Down to the last line, reproduce the data below exactly.

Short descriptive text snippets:
..............................
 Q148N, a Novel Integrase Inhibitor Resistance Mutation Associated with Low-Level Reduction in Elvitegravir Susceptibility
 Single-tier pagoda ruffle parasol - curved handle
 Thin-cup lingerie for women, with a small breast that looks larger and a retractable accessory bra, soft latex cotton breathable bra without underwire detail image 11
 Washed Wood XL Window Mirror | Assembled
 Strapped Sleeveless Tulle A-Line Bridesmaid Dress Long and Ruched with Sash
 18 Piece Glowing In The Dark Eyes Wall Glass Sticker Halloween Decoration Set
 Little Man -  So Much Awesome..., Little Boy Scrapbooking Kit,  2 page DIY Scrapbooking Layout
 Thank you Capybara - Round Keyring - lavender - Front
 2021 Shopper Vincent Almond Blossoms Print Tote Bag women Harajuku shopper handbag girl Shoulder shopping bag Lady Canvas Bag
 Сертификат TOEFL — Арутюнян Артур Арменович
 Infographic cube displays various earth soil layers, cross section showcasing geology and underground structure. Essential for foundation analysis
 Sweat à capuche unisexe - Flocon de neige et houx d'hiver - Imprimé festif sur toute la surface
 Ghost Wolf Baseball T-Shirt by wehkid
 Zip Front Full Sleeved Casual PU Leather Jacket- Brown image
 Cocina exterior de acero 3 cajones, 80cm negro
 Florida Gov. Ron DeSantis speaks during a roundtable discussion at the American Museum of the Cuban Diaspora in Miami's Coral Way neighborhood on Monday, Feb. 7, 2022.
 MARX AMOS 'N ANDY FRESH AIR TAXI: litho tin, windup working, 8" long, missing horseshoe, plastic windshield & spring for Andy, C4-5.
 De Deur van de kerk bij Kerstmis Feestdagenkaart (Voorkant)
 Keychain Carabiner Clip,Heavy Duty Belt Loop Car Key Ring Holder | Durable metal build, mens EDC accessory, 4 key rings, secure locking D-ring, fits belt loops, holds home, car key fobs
..............................
▸ **EXERCISE RESPONSE**
 Q148N, a Novel Integrase Inhibitor Resistance Mutation Associated with Low-Level Reduction in Elvitegravir Susceptibility
 Single-tier pagoda ruffle parasol - curved handle
 Thin-cup lingerie for women, with a small breast that looks larger and a retractable accessory bra, soft latex cotton breathable bra without underwire detail image 11
 Washed Wood XL Window Mirror | Assembled
 Strapped Sleeveless Tulle A-Line Bridesmaid Dress Long and Ruched with Sash
 18 Piece Glowing In The Dark Eyes Wall Glass Sticker Halloween Decoration Set
 Little Man -  So Much Awesome..., Little Boy Scrapbooking Kit,  2 page DIY Scrapbooking Layout
 Thank you Capybara - Round Keyring - lavender - Front
 2021 Shopper Vincent Almond Blossoms Print Tote Bag women Harajuku shopper handbag girl Shoulder shopping bag Lady Canvas Bag
 Сертификат TOEFL — Арутюнян Артур Арменович
 Infographic cube displays various earth soil layers, cross section showcasing geology and underground structure. Essential for foundation analysis
 Sweat à capuche unisexe - Flocon de neige et houx d'hiver - Imprimé festif sur toute la surface
 Ghost Wolf Baseball T-Shirt by wehkid
 Zip Front Full Sleeved Casual PU Leather Jacket- Brown image
 Cocina exterior de acero 3 cajones, 80cm negro
 Florida Gov. Ron DeSantis speaks during a roundtable discussion at the American Museum of the Cuban Diaspora in Miami's Coral Way neighborhood on Monday, Feb. 7, 2022.
 MARX AMOS 'N ANDY FRESH AIR TAXI: litho tin, windup working, 8" long, missing horseshoe, plastic windshield & spring for Andy, C4-5.
 De Deur van de kerk bij Kerstmis Feestdagenkaart (Voorkant)
 Keychain Carabiner Clip,Heavy Duty Belt Loop Car Key Ring Holder | Durable metal build, mens EDC accessory, 4 key rings, secure locking D-ring, fits belt loops, holds home, car key fobs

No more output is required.